What to do – What needs transcribing is the line with "Transept sud, chapelle" and every line after it to the end of the records, exactly and alone, with no pictures.

(Stored data entries)
____________
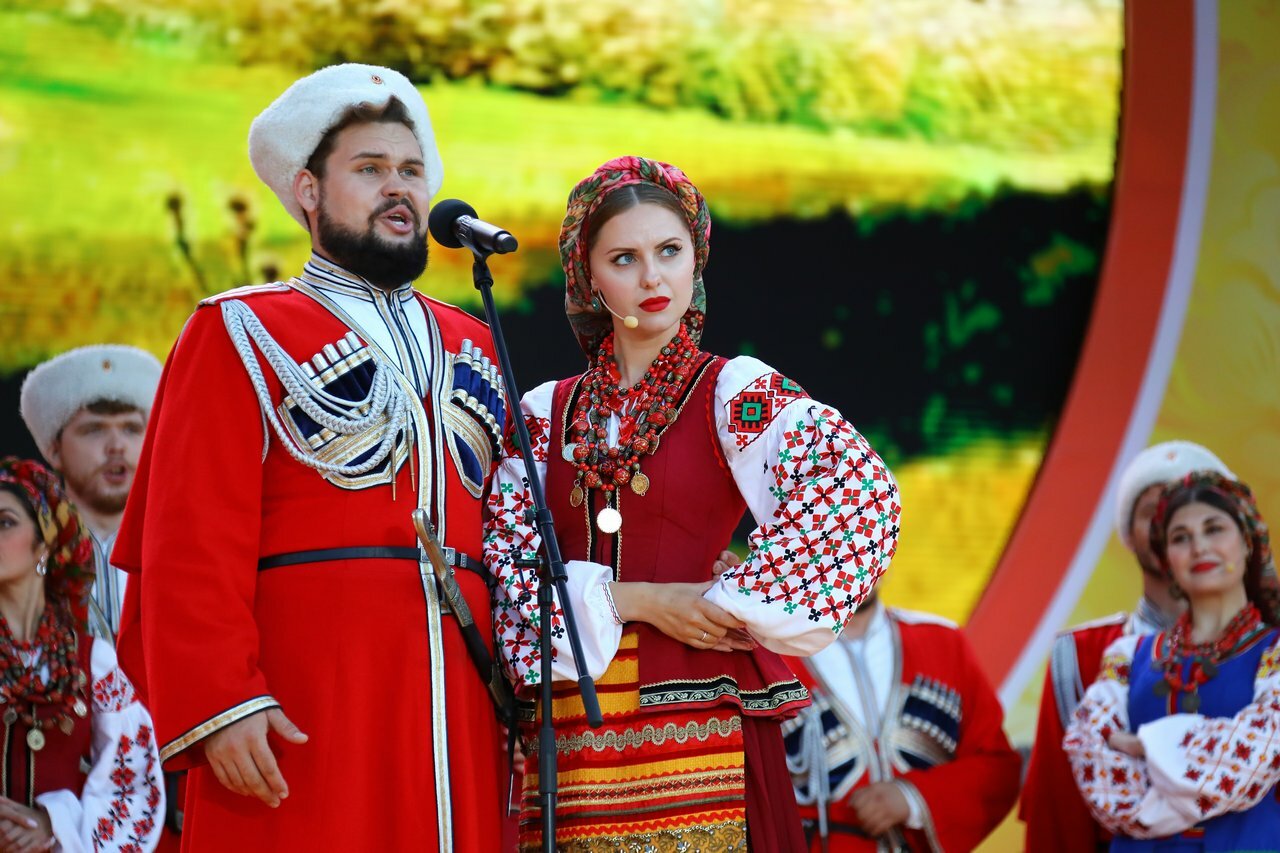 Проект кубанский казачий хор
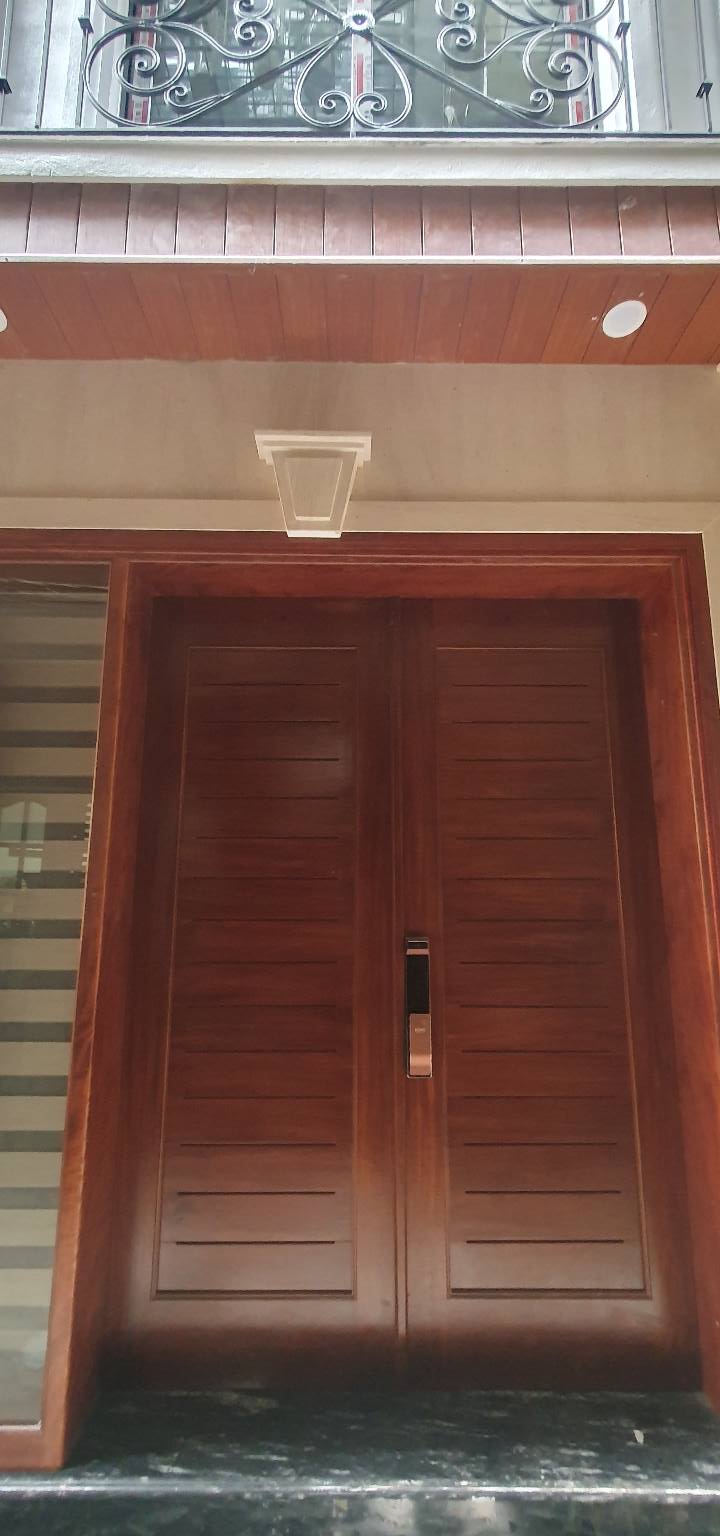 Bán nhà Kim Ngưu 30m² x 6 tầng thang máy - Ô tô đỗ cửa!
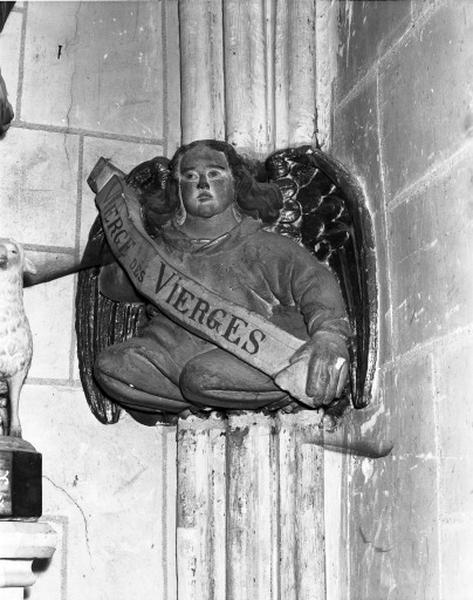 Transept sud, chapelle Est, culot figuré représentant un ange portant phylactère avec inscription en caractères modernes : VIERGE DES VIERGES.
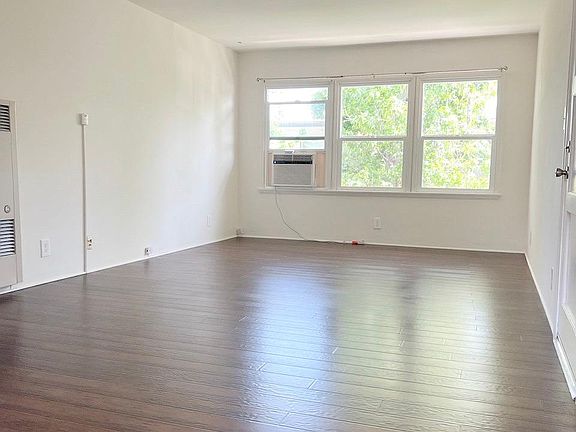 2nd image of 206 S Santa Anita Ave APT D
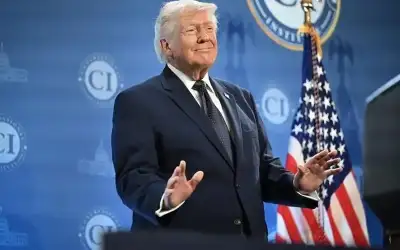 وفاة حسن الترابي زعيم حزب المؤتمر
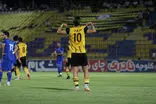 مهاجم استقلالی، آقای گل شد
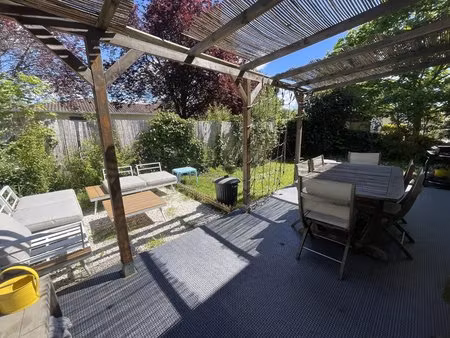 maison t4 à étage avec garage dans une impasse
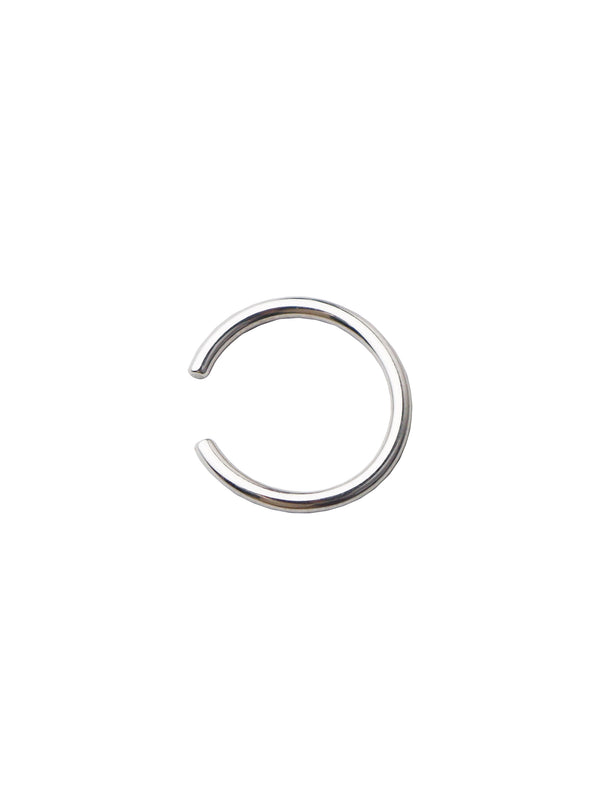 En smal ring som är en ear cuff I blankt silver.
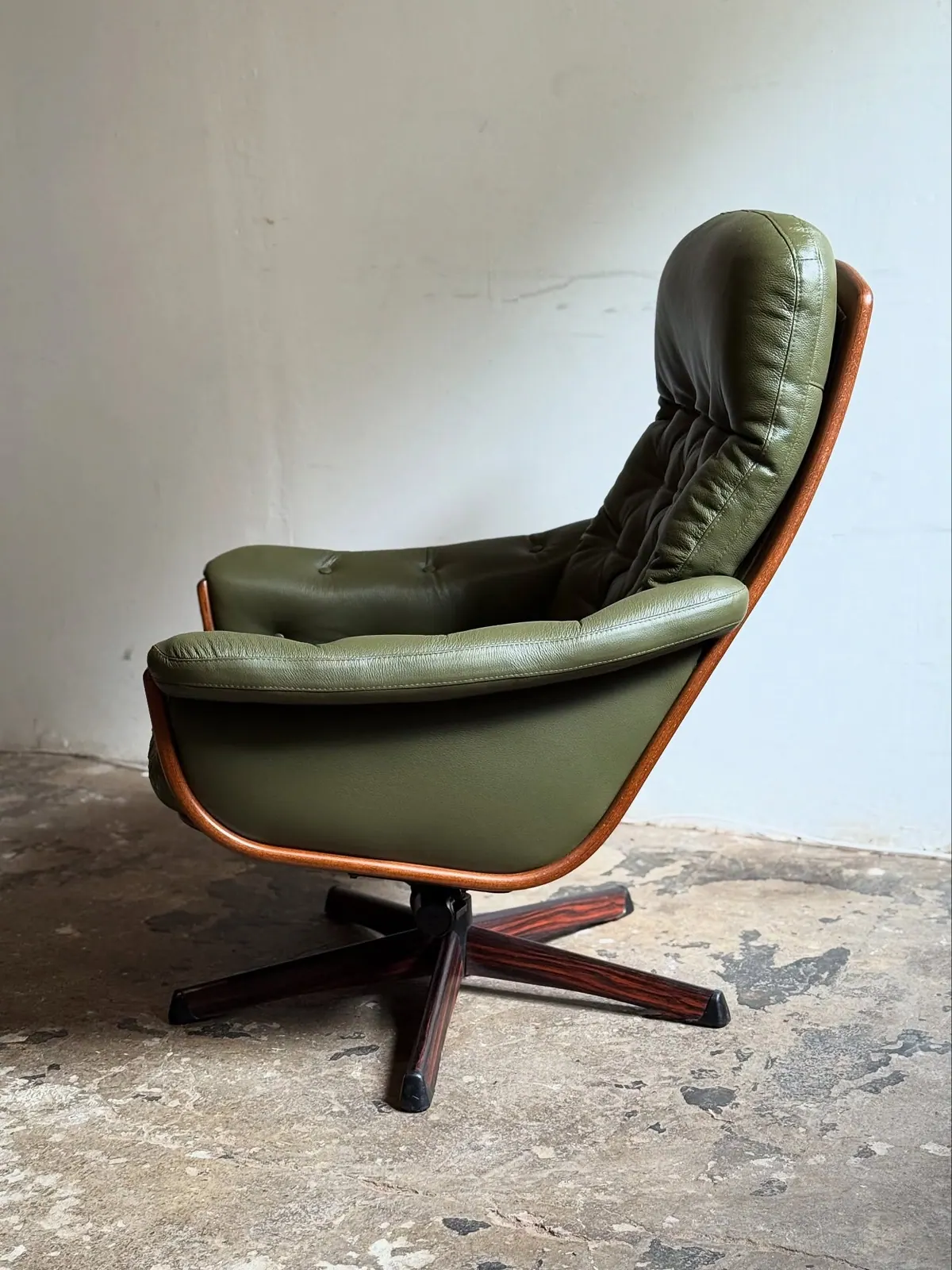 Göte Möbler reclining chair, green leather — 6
____________
Completed exercise –
 Transept sud, chapelle Est, culot figuré représentant un ange portant phylactère avec inscription en caractères modernes : VIERGE DES VIERGES.
 2nd image of 206 S Santa Anita Ave APT D
 وفاة حسن الترابي زعيم حزب المؤتمر
 مهاجم استقلالی، آقای گل شد
 maison t4 à étage avec garage dans une impasse
 En smal ring som är en ear cuff I blankt silver.
 Göte Möbler reclining chair, green leather — 6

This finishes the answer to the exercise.